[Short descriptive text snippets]
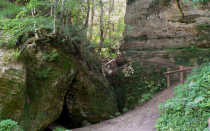 Чертова пещера в Инчукалнсе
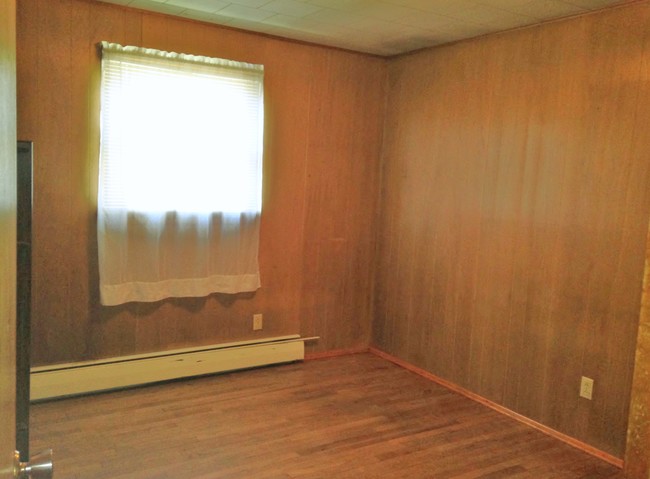 bedroom - 284 Campbell Ave Apartments Unit 284 Campbell Ave
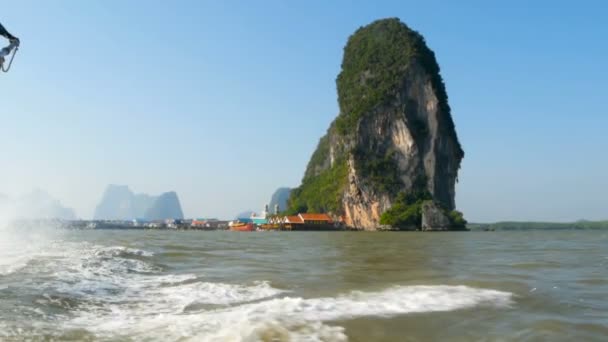 Muslimska fiskeby i Phangnga-provinsen i södra Thailand — Stockvideo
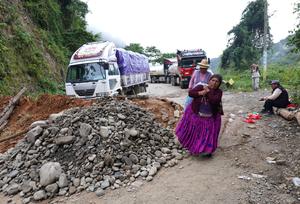 BOLIVIA-CARANAVI-TRANSPORTISTAS-BLOQUEO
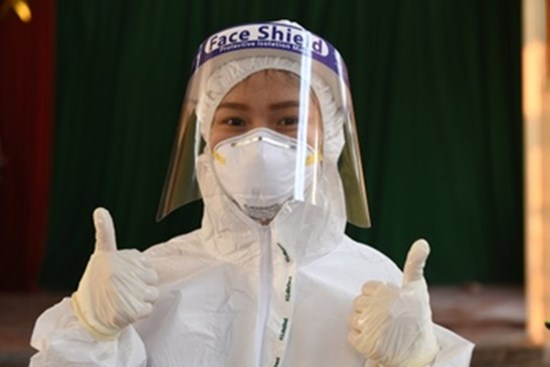 Cô gái 21 tuổi tham gia chống dịch từ Hải Dương tới Bắc Ninh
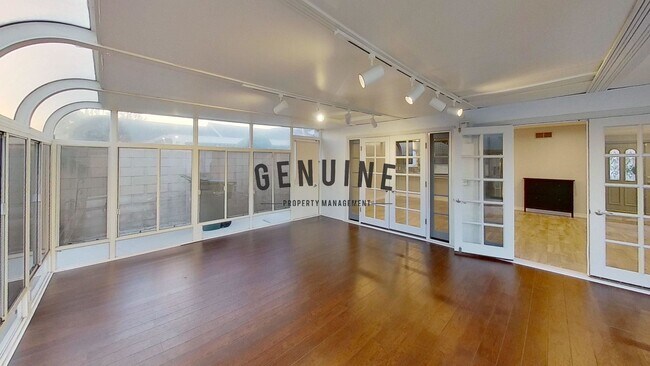 Building Photo - Coming Soon: Remodeled 4Bd 2Ba Home in Fou...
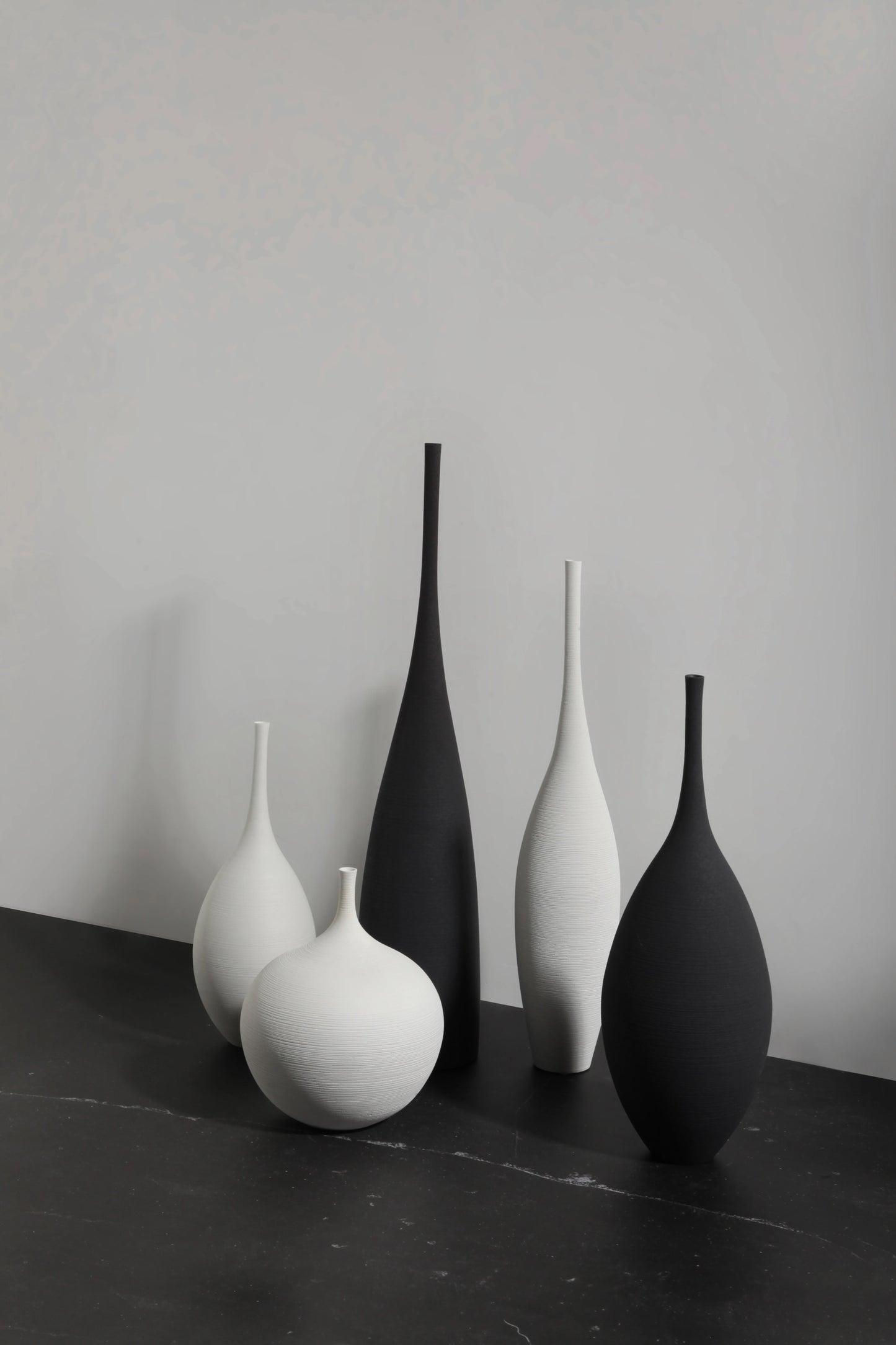 Vases silhouettes brossés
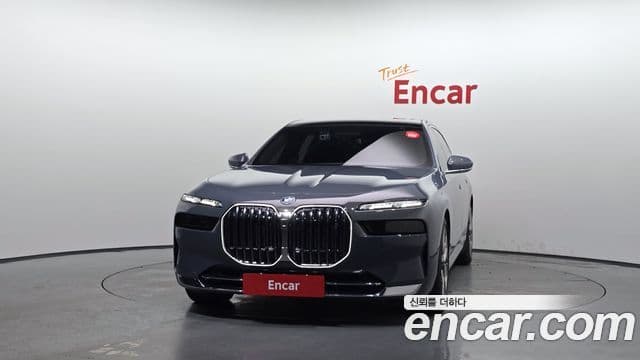 BMW i7 2023 — Photo 9/37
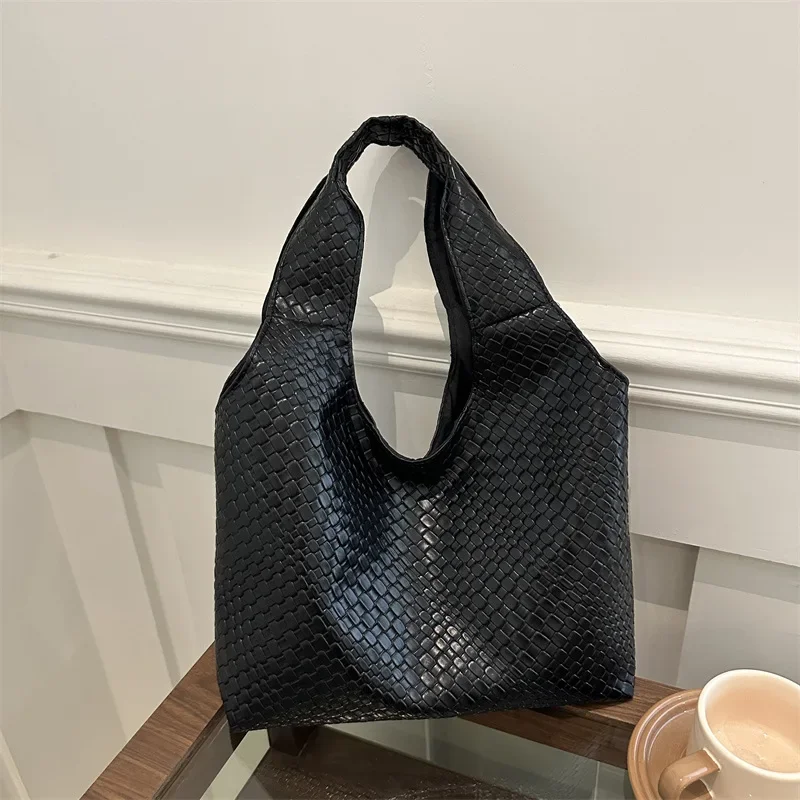 Shoulder bag Women's versatile soft-faced underarm bag Large capacity leisure commuter tote bag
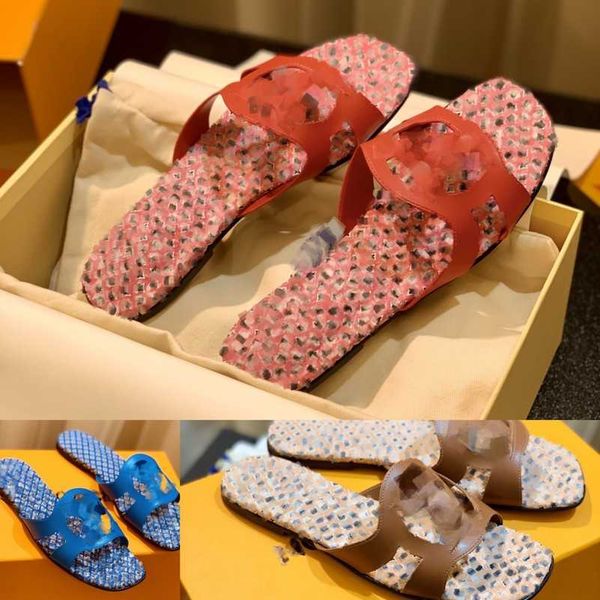 luxury isola flat monograms mule slippers gold metallic calf leather outsole slides circle signature fashioned soft calfskin wide front stra, Black
luxury isola flat monograms mule slippers gold metallic calf leather outsole slides circle signature fashioned soft calfskin wide front stra, Black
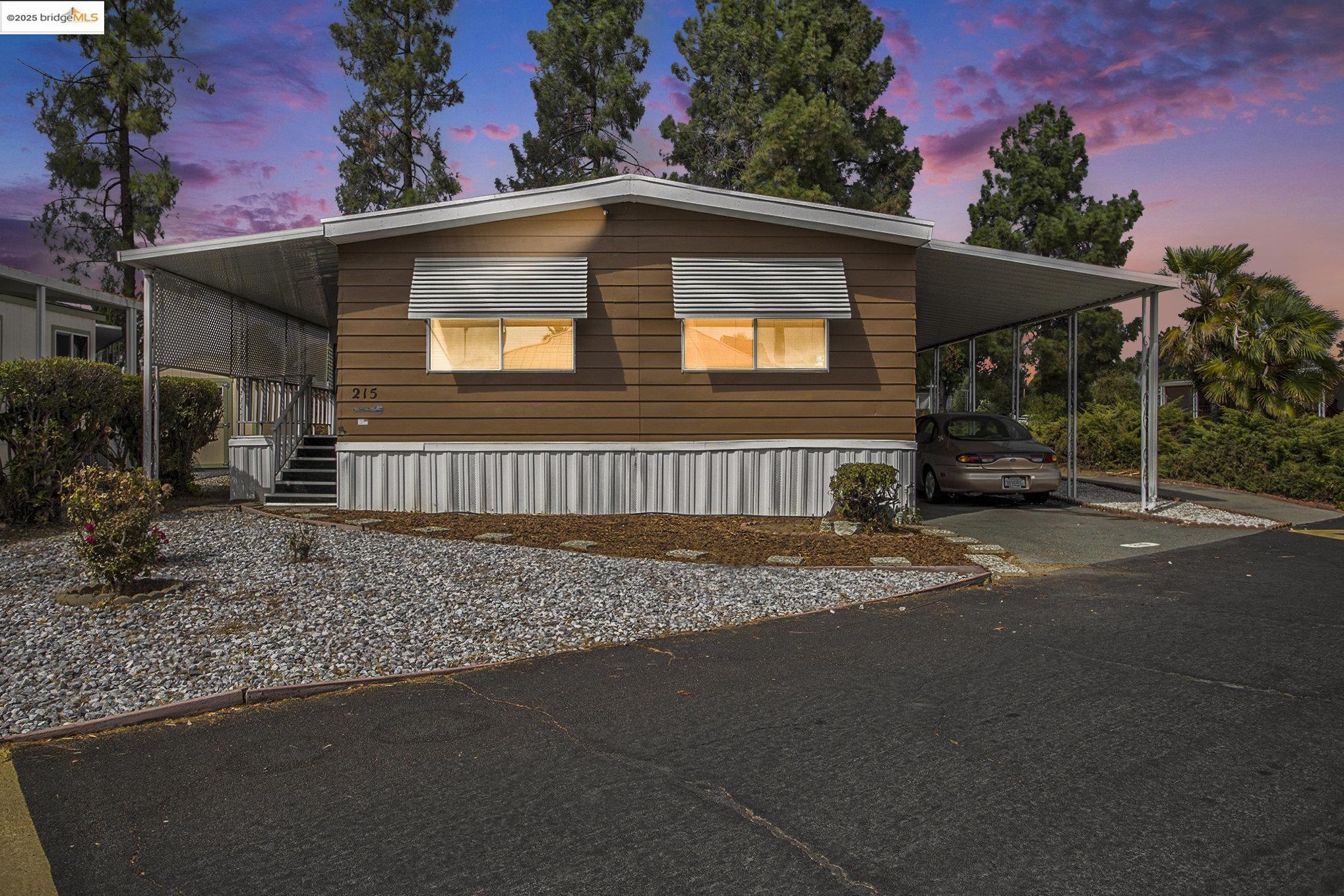 215 Maui Dr # 215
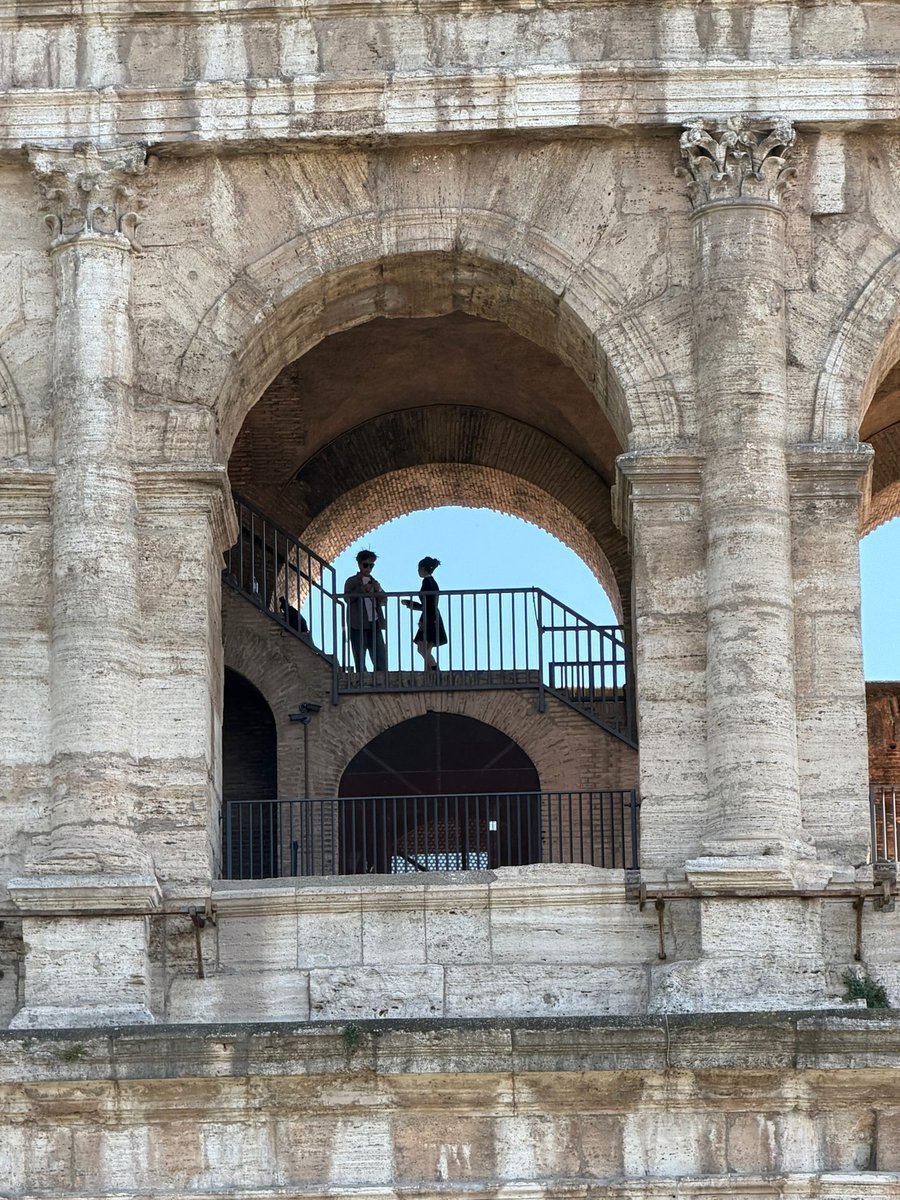 dettaglio del colosseo - Copy
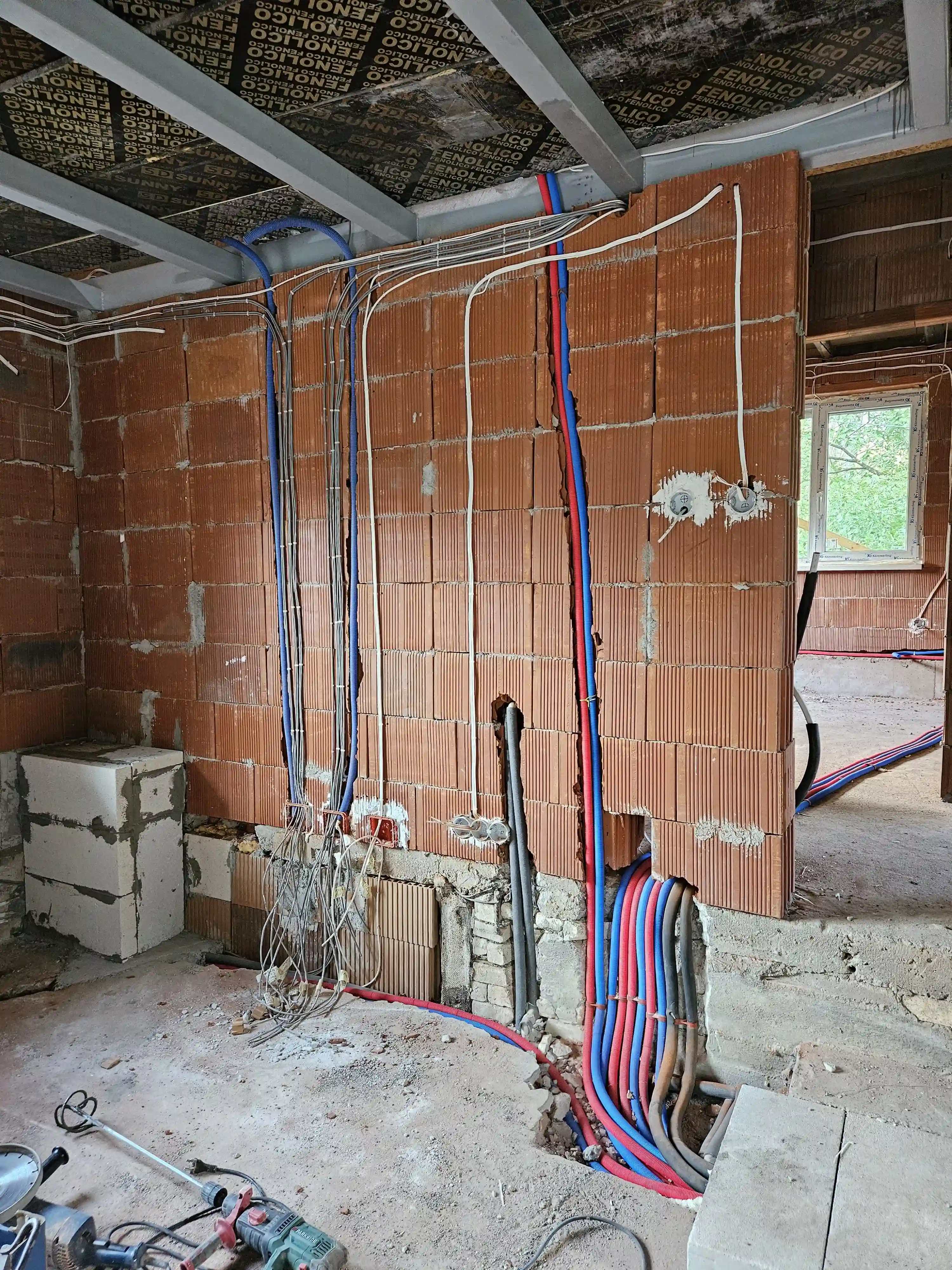 Цялостно изграждане на електрическа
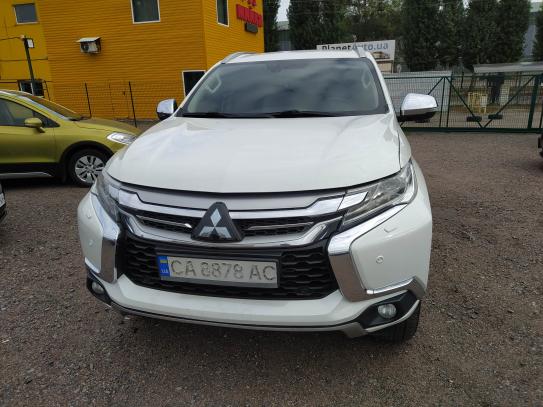 Mitsubishi Pajero sport 2017г. в рассрочку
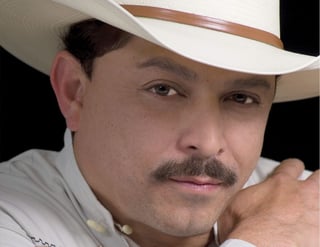 El cantante de origen mexicano, pero de padres estadounidenses, quien inició su carrera a los 21 años fue encontrado sin vida debido a un paro cardíaco. (ARCHIVO)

Problem to work on
An exact copy of each entry is required, minus the pictures.

Completed exercise
 Чертова пещера в Инчукалнсе
 bedroom - 284 Campbell Ave Apartments Unit 284 Campbell Ave
 Muslimska fiskeby i Phangnga-provinsen i södra Thailand — Stockvideo
 BOLIVIA-CARANAVI-TRANSPORTISTAS-BLOQUEO
 Cô gái 21 tuổi tham gia chống dịch từ Hải Dương tới Bắc Ninh
 Building Photo - Coming Soon: Remodeled 4Bd 2Ba Home in Fou...
 Vases silhouettes brossés
 BMW i7 2023 — Photo 9/37
 Shoulder bag Women's versatile soft-faced underarm bag Large capacity leisure commuter tote bag
 luxury isola flat monograms mule slippers gold metallic calf leather outsole slides circle signature fashioned soft calfskin wide front stra, Black
luxury isola flat monograms mule slippers gold metallic calf leather outsole slides circle signature fashioned soft calfskin wide front stra, Black
 215 Maui Dr # 215
 dettaglio del colosseo - Copy
 Цялостно изграждане на електрическа
 Mitsubishi Pajero sport 2017г. в рассрочку
 El cantante de origen mexicano, pero de padres estadounidenses, quien inició su carrera a los 21 años fue encontrado sin vida debido a un paro cardíaco. (ARCHIVO)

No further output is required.